*Problem to work on*.
In the entries that follow, the lines from the one with "Malibu – Malibu" through the one with "Une architecture peinte" are the ones to write out, exactly and with both ends included. Nothing else should appear.

Caption-style text data

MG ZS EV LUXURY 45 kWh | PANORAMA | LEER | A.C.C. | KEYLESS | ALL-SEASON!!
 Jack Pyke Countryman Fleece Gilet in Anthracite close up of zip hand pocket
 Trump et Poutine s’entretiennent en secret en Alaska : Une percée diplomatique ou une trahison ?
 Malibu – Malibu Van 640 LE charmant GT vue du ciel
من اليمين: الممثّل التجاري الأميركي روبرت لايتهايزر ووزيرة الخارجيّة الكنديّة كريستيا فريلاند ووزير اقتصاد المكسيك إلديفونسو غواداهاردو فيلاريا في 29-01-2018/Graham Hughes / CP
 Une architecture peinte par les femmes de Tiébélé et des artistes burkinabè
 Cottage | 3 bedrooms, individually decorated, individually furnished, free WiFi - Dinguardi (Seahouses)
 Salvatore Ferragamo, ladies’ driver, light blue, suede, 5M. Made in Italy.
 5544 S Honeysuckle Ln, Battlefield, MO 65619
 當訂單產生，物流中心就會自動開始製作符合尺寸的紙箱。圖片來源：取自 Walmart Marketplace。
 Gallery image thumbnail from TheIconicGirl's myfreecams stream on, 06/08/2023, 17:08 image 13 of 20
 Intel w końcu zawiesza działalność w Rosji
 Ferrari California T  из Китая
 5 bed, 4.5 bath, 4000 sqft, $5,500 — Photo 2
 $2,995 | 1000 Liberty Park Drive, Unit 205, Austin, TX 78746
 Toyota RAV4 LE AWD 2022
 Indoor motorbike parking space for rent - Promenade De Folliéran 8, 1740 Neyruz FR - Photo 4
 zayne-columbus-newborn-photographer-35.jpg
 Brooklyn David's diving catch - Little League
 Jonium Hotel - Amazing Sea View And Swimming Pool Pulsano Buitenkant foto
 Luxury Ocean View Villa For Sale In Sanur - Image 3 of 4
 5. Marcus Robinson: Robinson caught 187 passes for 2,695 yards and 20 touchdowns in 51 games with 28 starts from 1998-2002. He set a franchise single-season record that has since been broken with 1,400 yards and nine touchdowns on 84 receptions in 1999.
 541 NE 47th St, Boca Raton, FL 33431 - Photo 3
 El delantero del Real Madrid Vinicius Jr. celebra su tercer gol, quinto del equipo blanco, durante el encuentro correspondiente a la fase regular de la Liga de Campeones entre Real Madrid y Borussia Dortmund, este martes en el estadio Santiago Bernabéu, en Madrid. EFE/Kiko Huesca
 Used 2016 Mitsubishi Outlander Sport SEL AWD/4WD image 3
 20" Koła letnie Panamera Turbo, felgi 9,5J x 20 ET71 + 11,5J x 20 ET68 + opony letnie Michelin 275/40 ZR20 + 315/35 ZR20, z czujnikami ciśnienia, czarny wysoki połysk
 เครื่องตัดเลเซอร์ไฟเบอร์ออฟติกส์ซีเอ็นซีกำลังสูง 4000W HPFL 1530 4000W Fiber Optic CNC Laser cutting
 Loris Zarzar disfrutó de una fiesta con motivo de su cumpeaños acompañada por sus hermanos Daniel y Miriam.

*Response for this exercise*.
 Malibu – Malibu Van 640 LE charmant GT vue du ciel
من اليمين: الممثّل التجاري الأميركي روبرت لايتهايزر ووزيرة الخارجيّة الكنديّة كريستيا فريلاند ووزير اقتصاد المكسيك إلديفونسو غواداهاردو فيلاريا في 29-01-2018/Graham Hughes / CP
 Une architecture peinte par les femmes de Tiébélé et des artistes burkinabè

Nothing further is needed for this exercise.